Every week, parshaoftheweek.com brings you a rich selection of material on parshat hashavua, the weekly portion traditionally read in synagogues all over the world. Using both classic and contemporary material, we take a look at these portions in a fresh way, relating them to both ancient Jewish concerns as well as cutting-edge modern issues and topics. We also bring you material on the Jewish holidays, as well as insights into life cycle rituals and events...
Parshat Ha’azinu is a beautiful poem, a final effort by a soon-to-die Moshe to stir the Jewish people to a commitment to their covenant with God. The parsha, which speaks of both the Jewish past and future, and our relationship with God and his mitzvot (commandments), begins like this: “Listen, oh heavens and I will speak, and hear, oh earth, what I say”.
The obvious question is why does Moshe seem to address the heaven and earth – we thought he was meant to be talking to the Jewish people?
Rashi, in his commentary, referencing the Midrash, explains: heaven and earth are eternal. Unlike Moshe, who is about to die, they will be here forever. Therefore, if the Jewish people ultimately, in the future, sin, and break the covenant, and then try to somehow argue out of being punished, the heaven and earth will be there to testify against them, and to affirm that they did, in fact, accept the Torah, agree to enter into a covenant with God, and have failed to live according to its laws and ethics. In addition, Rashi explains, if and when the Jewish people do the right thing, and keep the laws, then the heaven and earth will not only stand in witness for their sake, but they will reward them as well, with rain, good weather, and bountiful crops. If, on the other hand, they break the covenant, the same heaven and earth will first testify against them, and then punish them, with drought and famine.
One is tempted, of course, to understand this imagery as being metaphorical. After all, the heaven and earth have no free will, no cognition or volition, and they will not really testify for or against the Jewish people, or decide to reward or punish them.
If we think about it for a moment, however, we soon realize that Moshe’s addressing the heaven and earth, and making them the custodians, as it were, of the fate of the Jewish people, is no metaphor.
We now stand at the precipice, the very edge, of doing irreversible damage to our climate, our ecosystem, our heavens and earth. This past year saw remarkable excesses of heat, drought, wildfires, storms and flooding, all over the globe. Severe and dangerous climate change is already a reality. Species are becoming extinct at a remarkable rate, and the seas, which are rising, are being depleted of the life which once swarmed in their depths, and played such a large role in feeding us. The heavens and earth are doing their job – testifying to our greed, selfishness, and stupidity. With no need to anthropomorphize them, no need to grant them the powers of memory, speech or free will, the heavens and earth are, in their rapidly-increasing dysfunction, reminding us eloquently and forcefully what is right and what is wrong, what is good and what is evil, and quite naturally, showing us how we have chosen evil over good, death over life; and they are punishing us for it.

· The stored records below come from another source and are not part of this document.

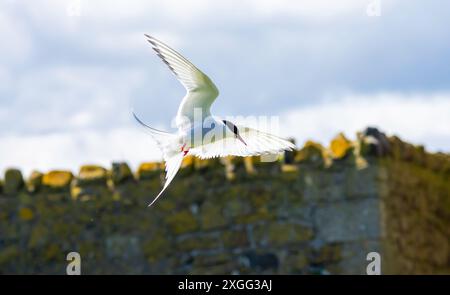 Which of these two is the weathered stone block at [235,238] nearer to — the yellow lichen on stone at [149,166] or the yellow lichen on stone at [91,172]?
the yellow lichen on stone at [149,166]

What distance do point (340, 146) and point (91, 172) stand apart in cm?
216

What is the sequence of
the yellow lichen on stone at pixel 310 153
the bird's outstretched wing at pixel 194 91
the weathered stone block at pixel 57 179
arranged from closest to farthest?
the bird's outstretched wing at pixel 194 91
the yellow lichen on stone at pixel 310 153
the weathered stone block at pixel 57 179

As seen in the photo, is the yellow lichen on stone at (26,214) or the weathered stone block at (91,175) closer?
the weathered stone block at (91,175)

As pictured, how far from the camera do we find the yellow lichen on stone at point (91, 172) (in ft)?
36.8

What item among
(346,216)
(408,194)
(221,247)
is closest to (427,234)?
(408,194)

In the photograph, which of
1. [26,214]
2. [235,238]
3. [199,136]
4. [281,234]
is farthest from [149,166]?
[199,136]

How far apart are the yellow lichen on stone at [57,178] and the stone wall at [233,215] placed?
0.4 inches

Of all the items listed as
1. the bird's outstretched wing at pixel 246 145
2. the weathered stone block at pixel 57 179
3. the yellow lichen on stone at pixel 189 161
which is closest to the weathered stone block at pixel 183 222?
the yellow lichen on stone at pixel 189 161

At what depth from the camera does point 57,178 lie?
1140 centimetres

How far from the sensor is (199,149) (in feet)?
27.4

In just a few weeks we will be finishing the yearly cycle of the Torah portions and begin again at Bereshit – Genesis. There we will read that God commanded Adam and Eve to “conquer”, to take charge of the world He had just created, and to have dominion over all the animal and vegetable life in it. Only a fool would interpret this to mean that man may recklessly and selfishly conquer the world in a destructive manner – that he may do what he wants with it, the way a sadist or serial killer “conquers”, and does what he wants with his victims. On the contrary, we are the earth’s custodians: taking charge means taking care. That is our role here on earth.

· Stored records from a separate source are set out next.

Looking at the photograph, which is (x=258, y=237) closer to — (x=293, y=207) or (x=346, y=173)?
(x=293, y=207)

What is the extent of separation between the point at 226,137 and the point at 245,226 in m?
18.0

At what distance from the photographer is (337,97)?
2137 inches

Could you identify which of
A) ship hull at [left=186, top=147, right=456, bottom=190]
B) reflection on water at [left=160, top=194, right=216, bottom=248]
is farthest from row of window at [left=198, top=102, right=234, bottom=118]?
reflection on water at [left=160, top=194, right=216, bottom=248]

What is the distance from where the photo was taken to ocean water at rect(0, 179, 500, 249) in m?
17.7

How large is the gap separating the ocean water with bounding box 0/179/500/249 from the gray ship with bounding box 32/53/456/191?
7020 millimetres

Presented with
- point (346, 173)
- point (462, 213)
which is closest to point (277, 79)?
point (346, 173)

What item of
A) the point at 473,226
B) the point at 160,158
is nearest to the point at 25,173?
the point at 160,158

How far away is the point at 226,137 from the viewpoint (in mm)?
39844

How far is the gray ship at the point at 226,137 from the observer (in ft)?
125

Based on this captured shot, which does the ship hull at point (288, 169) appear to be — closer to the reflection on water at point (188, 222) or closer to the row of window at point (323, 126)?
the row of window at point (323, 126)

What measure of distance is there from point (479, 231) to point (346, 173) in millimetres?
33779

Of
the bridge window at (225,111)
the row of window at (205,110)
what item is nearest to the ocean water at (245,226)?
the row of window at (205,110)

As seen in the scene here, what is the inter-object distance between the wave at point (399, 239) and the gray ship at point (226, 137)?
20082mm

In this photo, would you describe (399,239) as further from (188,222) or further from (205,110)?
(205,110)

The Torah, along with the Rabbis in their interpretations, warns us against the pointless destruction of the earth’s riches, and encourages in us a sense of wonder and gratitude for the bounty which God has given us. Using the world in a way which will deny its resources to our children and grandchildren is so wrong, so stupid, that it goes beyond selfish. After all, shouldn’t a normal, healthy amount of selfishness include wanting the best for my grandchildren? And their grandchildren? I just don’t know how to understand an approach to the world’s resources that condemns our descendants – in the not distant future - to a very difficult time here on earth.
As we begin a new year, and approach the end of the Torah cycle and the start of a new one, we must understand and come to terms with the role of the heavens and earth in rewarding and punishing our actions. This is not a metaphor, and not metaphysics. This is real, this is literal. Our selfish, thoughtless greed, expressed in dozens of ways daily, is destroying the world. This is the most basic, ultimate message for us here, as the Torah comes to a close and Moshe reaches the end of his life. My fear is that it may be too late for us to now start to heed it.